I shove the phone into one pocket, the damp tissue into another.
Onward.
I return to the coffee table and rub in the polish with all my might. This thing will be the shiniest it’s ever been.
Then something catches my ear, making me stop mid-swirl.
Is that Dylan’s voice? Him laughing?
Can’t be. I left him in our part of the house doing his homework.
There it is again.I could pick out his voice from the far-flung corner of a noisy crowd, so there’s no way I’d mistake it in a quiet house. And it’s coming from a room on the other side of the foyer—the study.
I drop the cloth and polish on the coffee table and tiptoe out of the room, across the black-and-white tiled floor.
There’s another voice too. Tom. And a strum of a guitar.
What the hell?
And there they both are, visible through the crack between the half-open door and the door frame.
They’re sitting together on the sofa, Dylan with a guitar on his lap and his back toward Tom, who’s reaching around to show him where to put his fingers for the chords.
Instinctively my hand flies to my mouth to muffle a gasp. My head swims as my heart swells, my belly flips, and my ovaries ache at the sight of them smiling together, engaged, and focused on a common goal.
It’s the first time I’ve seen Dylan hanging on a man’s words like this. It’s something I’ve dreamed of for him.
Although we lived with Nicholas for years, they never became that close. Possibly because of all the time he was away for work. They got along well, but Nick wasn’t interested in being a father figure. All the parenting was left to me.
And with my mom and dad having totally disowned their young pregnant daughter, and Dylan’s father’s parents being completely absent, there’s been no male role model in his life.
I’ve often wished I wasn’t an only child and had an older brother who could play that part.
But here it is now, right in front of me.
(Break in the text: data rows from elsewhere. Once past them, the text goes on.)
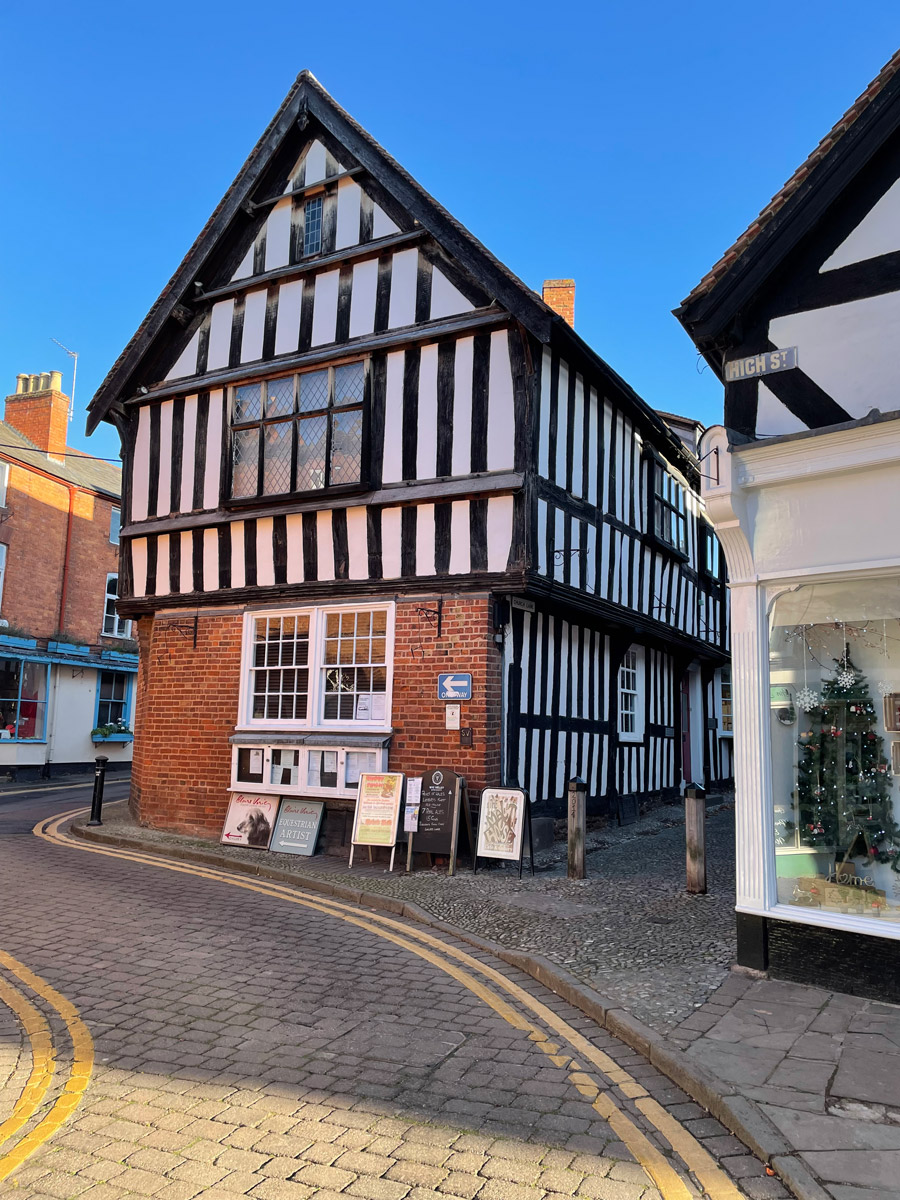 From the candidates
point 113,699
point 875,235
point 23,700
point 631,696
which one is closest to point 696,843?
point 875,235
The thing I’ve always wanted for my son is right before my eyes.
“Like this,” Tom says, curving his hand around and over Dylan’s, moving his fingers to the correct strings and holding them down. “Got it?”
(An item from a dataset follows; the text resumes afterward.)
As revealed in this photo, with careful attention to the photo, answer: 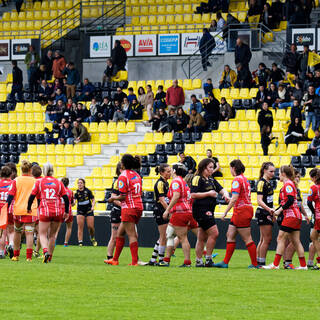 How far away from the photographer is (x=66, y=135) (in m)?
31.0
Dylan’s teeth dig into his bottom lip with concentration, and he nods.
“Okay.” Tom lets go. “Now strum.”
Dylan runs his thumb down the strings, and the guitar emits a tuneless thrum.
“Oh,” Dylan says, turning to look over his shoulder at Tom with disappointed puppy dog eyes.
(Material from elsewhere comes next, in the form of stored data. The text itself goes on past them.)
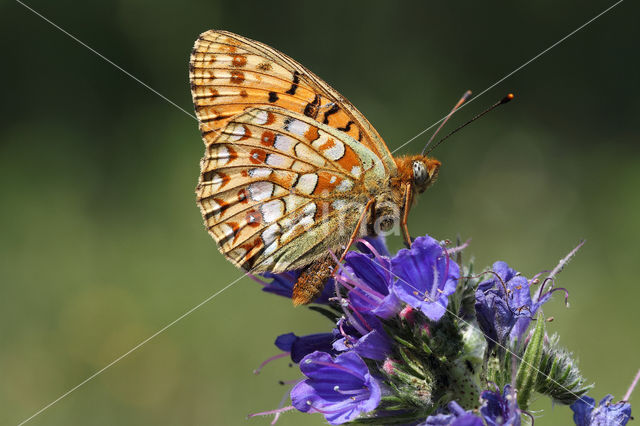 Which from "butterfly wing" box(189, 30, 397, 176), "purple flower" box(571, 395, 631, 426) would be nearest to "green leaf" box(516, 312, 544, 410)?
"purple flower" box(571, 395, 631, 426)

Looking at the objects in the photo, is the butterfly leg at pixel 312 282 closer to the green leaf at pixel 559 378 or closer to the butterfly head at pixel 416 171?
the butterfly head at pixel 416 171

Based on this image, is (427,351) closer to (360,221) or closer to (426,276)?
(426,276)

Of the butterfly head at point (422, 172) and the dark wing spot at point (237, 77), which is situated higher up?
the dark wing spot at point (237, 77)

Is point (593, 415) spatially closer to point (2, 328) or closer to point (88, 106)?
A: point (2, 328)

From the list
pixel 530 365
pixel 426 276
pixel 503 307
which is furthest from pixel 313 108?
pixel 530 365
“It’s okay, buddy.” Tom rubs the back of Dylan’s shoulder, and every ounce of love I ever had for him surges back to the surface. “It’s your first try. No one gets it on the first go. Took me ages. Let’s try this.”
He hooks his hand over Dylan’s again, but this time keeps his pressure on Dylan’s fingers. “Now strum.”
It’s a perfect chord.
“There you go,” Tom says.
“Yeah, but only because you helped me.” Dylan pouts.
“But now you know what it feels like,” Tom says. “Now you know how hard you have to press.”
Dylan takes his hand off the fretboard and examines the tips of his fingers. He smiles and shows them to Tom. “Look.”